This topic describes how to use semantic indexes in OceanBase Database.
Note
This feature is an experimental feature in the current version. We recommend that you do not use it in a production environment.
Overview
The semantic index leverages the built-in embedding capabilities of OceanBase Database to greatly simplify the process of using vector indexes. It makes the concept of vectors transparent to users: you can directly write the raw data you want to store (such as text), and OceanBase Database will automatically convert it into vectors and build the index internally. During searches, you only need to provide the raw search content, and OceanBase Database will automatically perform the embedding and search the vector index, significantly enhancing usability.

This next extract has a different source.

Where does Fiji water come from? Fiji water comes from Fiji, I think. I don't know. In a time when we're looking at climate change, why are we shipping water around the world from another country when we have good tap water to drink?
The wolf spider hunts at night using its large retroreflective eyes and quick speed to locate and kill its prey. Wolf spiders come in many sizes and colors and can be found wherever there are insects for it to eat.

Considering the performance overhead of embedding models, the semantic index offers both synchronous and asynchronous embedding options:
- Synchronous mode: Embedding and indexing occur immediately after data is written, ensuring real-time visibility.

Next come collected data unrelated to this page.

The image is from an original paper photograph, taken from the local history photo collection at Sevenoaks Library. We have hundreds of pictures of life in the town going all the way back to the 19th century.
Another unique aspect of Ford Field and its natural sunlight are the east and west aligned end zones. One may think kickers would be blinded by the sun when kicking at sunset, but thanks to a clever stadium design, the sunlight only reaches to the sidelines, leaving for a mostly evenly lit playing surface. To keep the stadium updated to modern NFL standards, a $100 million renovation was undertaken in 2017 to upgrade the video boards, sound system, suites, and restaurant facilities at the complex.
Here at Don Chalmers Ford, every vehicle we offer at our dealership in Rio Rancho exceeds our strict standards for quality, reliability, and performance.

- Asynchronous mode: Data embedding and indexing are performed in batches by background tasks, significantly improving write performance, though with delayed data visibility. You can flexibly set the trigger cycle for background tasks based on your requirements for data visibility.

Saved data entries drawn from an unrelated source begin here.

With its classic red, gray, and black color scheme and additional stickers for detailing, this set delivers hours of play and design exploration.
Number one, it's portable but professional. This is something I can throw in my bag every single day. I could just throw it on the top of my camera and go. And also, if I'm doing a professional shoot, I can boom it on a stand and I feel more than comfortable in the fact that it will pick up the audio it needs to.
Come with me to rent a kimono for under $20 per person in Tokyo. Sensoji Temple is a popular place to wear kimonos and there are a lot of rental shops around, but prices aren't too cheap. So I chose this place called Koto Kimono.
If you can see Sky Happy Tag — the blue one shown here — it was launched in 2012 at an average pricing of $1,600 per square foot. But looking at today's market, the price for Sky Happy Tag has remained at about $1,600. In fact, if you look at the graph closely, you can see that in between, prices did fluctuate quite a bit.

Additionally, tables with semantic indexes can also perform brute-force searches. Brute-force search refers to searching by scanning the entire table to obtain the exact results of the top n closest rows.
Supported features
Notice
This feature is only supported for HNSW, HNSW_BQ, and HNSW_SQ indexes in the current version.
The syntax for updating, deleting, and searching using semantic indexes, as well as memory management, is identical to that of HNSW series indexes. Index monitoring and maintenance processes are supported, and in asynchronous mode, incremental refreshes will also trigger data embedding.
The supported features are as follows:
| Module | Feature | Description |
|---|---|---|
| DDL | Create a semantic index when creating a table | You can create a semantic index on a VARCHAR column when creating a table. |
| DDL | Create a semantic index after table creation | You can create a semantic index on a VARCHAR column in an existing table. |
| Search | semantic_distance function |
Use this function to perform vector search by providing the raw data. |
| Search | semantic_vector_distance function |
Use this function to perform vector search by providing the vector. There are two usage scenarios:
|
| DBMS_VECTOR | REFRESH_INDEX |
Use this procedure in the same way as for regular vector indexes to perform incremental refreshes and asynchronous embedding. |
| DBMS_VECTOR | REBUILD_INDEX |
Use this procedure in the same way as for regular vector indexes to perform full index rebuilds. |
Some usage considerations are as follows:
- In synchronous mode, write performance may be affected by embedding performance. In asynchronous mode, data visibility is delayed.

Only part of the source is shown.